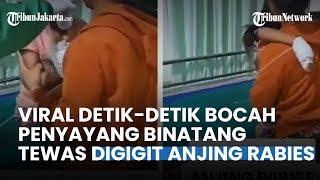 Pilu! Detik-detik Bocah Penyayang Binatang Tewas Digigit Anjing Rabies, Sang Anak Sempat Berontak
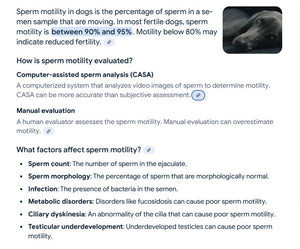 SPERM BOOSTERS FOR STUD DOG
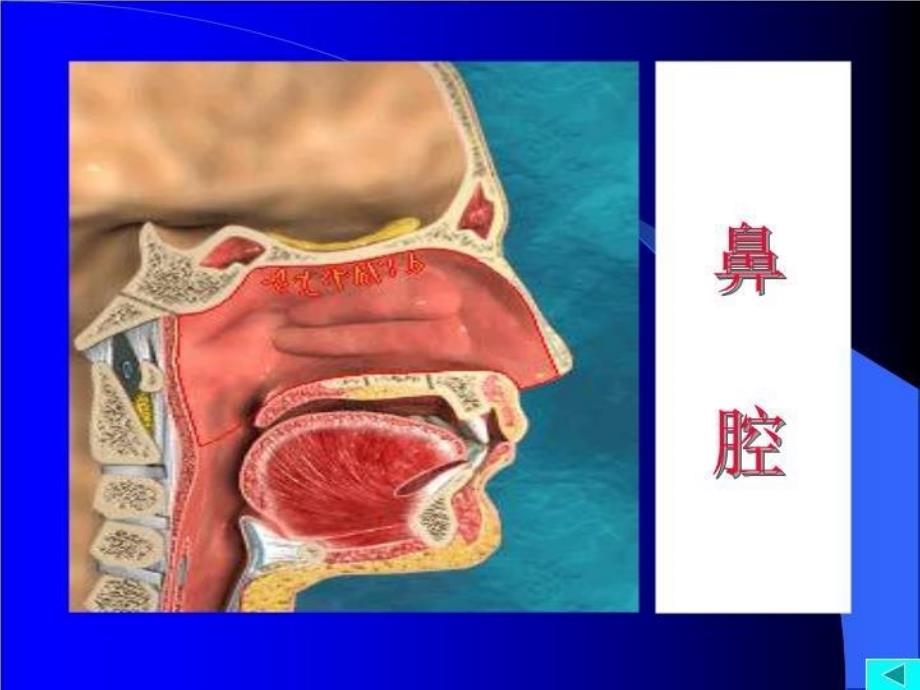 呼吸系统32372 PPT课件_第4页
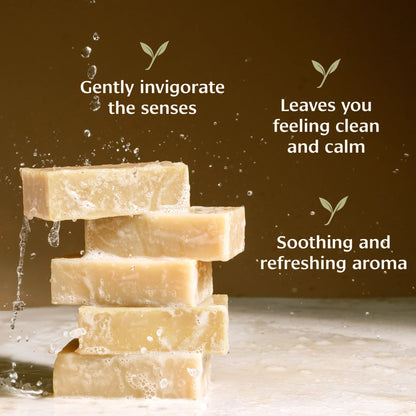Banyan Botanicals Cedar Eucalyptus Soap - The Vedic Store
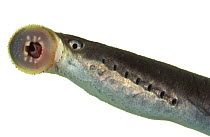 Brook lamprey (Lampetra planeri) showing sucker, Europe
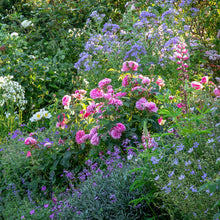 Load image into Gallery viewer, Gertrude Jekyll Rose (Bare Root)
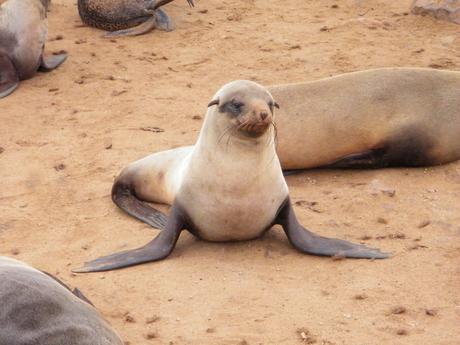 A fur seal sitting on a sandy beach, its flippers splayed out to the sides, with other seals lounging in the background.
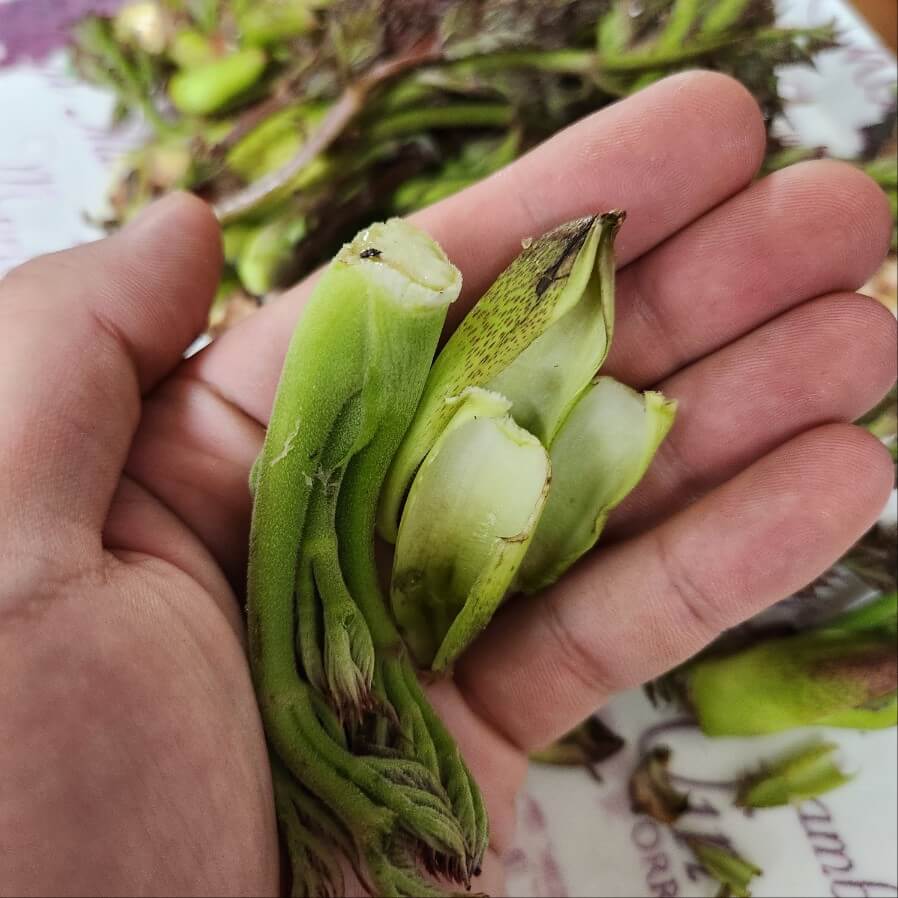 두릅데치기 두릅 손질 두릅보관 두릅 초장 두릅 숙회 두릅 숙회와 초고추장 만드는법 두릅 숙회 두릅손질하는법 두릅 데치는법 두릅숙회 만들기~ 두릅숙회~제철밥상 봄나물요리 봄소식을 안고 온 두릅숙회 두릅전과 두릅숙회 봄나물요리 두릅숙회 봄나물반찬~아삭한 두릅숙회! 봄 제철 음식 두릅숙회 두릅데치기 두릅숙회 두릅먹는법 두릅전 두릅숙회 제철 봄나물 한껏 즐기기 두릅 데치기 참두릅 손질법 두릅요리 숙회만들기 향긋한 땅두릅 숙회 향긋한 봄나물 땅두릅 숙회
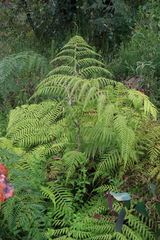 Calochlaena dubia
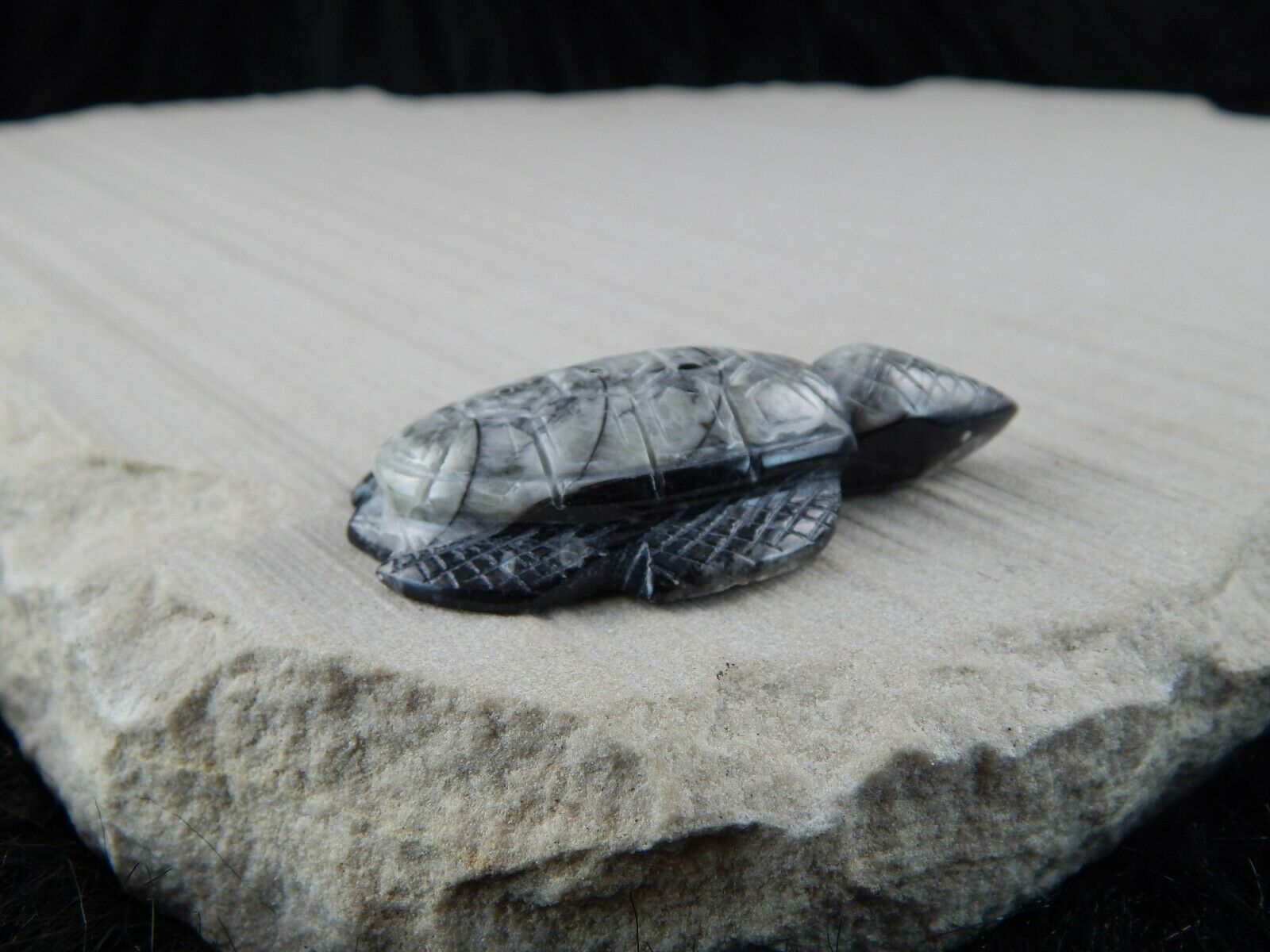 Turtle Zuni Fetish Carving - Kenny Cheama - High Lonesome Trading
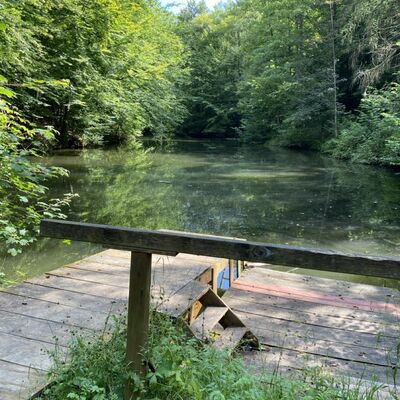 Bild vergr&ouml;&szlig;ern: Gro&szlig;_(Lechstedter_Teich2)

* * *

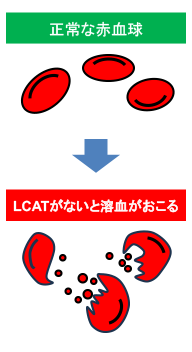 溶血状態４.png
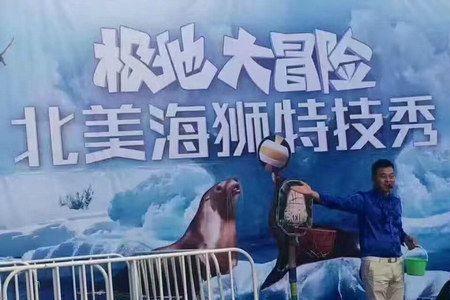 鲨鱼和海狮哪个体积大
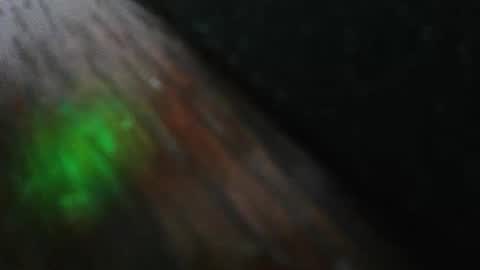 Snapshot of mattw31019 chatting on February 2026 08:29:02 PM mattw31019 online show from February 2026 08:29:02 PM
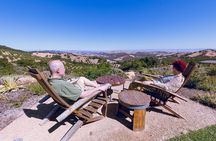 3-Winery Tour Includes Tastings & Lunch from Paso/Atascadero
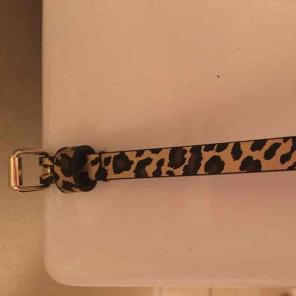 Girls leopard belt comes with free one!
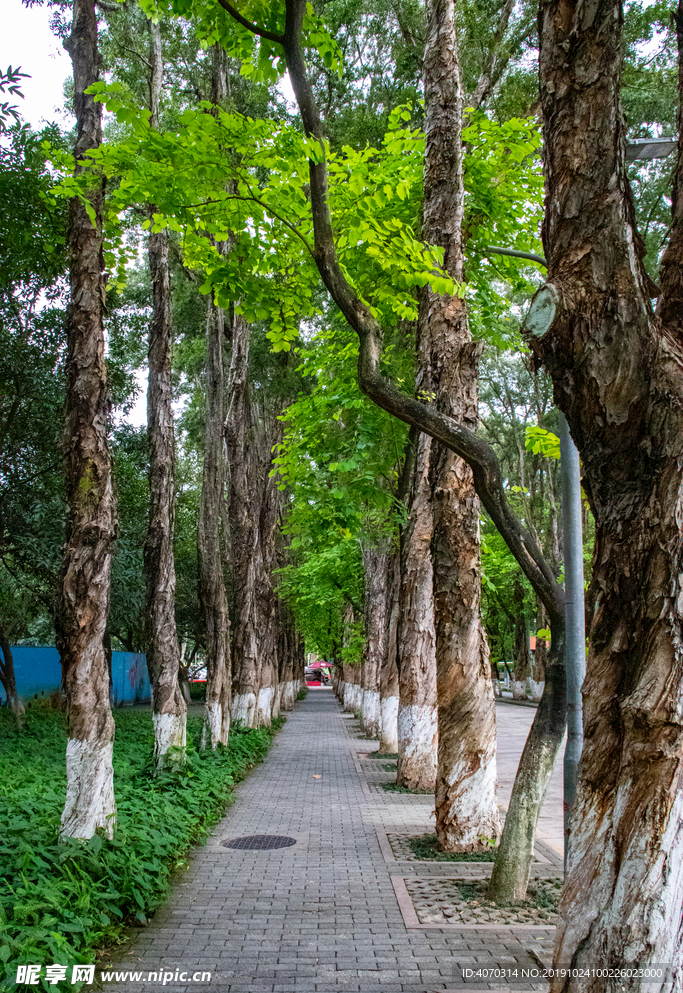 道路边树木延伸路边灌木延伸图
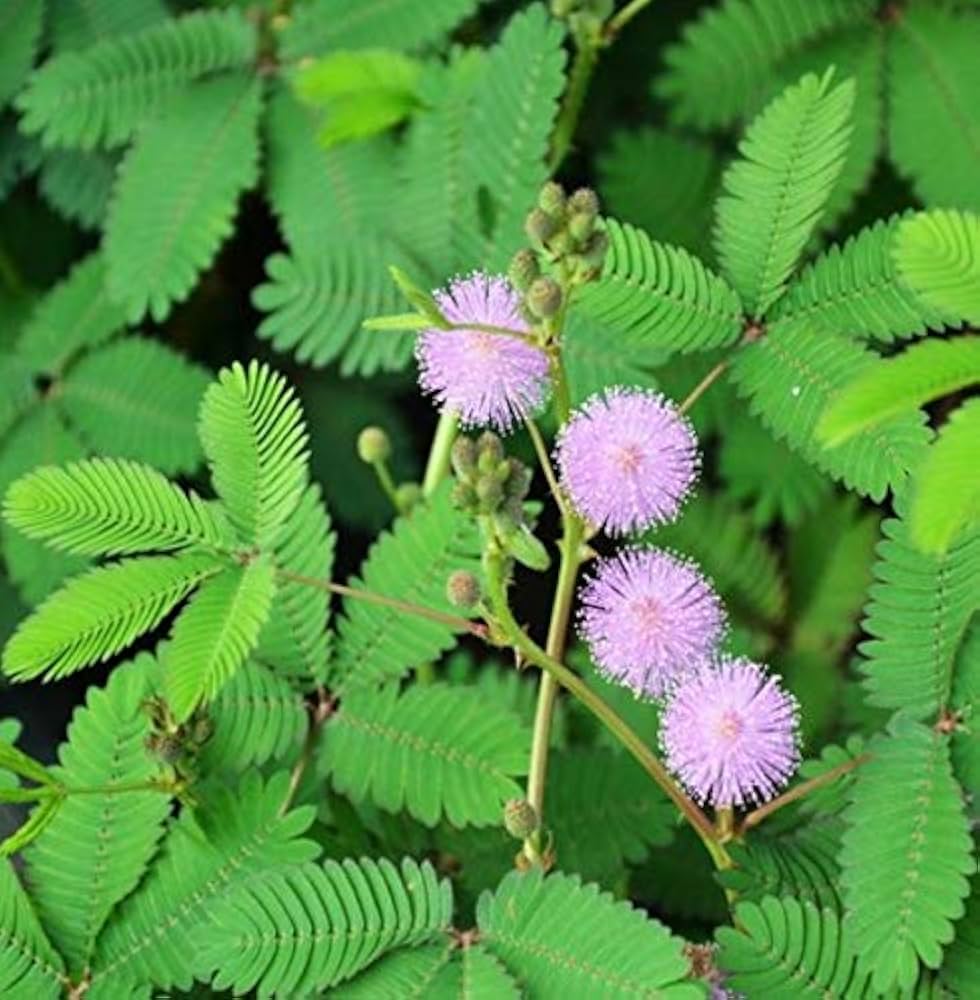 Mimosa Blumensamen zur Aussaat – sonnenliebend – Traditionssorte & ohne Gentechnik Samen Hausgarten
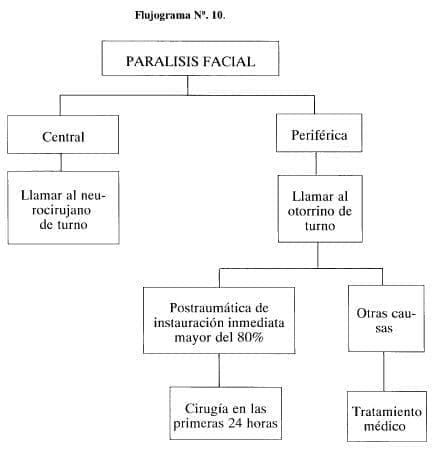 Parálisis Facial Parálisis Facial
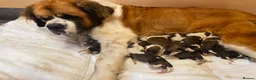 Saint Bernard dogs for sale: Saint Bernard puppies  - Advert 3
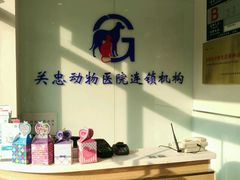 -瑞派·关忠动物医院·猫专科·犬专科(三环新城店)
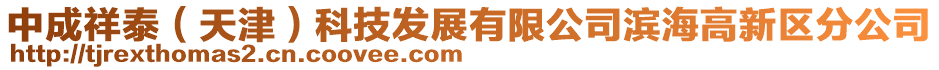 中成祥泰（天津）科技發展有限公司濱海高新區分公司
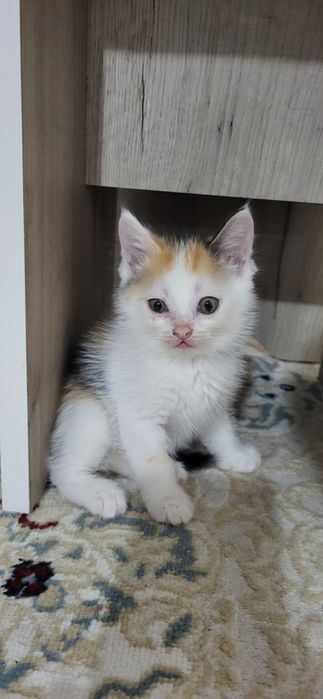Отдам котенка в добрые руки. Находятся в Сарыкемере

**Activity**
Copy word for word the lines above, starting at the line containing "Calochlaena dubia" and ending at the line containing "Bild vergr&ouml;&szlig;ern: Gro&szlig;_(Lechstedter_Teich2)", inclusive, with no pictures.

**Response to this exercise**
 Calochlaena dubia
 Turtle Zuni Fetish Carving - Kenny Cheama - High Lonesome Trading
 Bild vergr&ouml;&szlig;ern: Gro&szlig;_(Lechstedter_Teich2)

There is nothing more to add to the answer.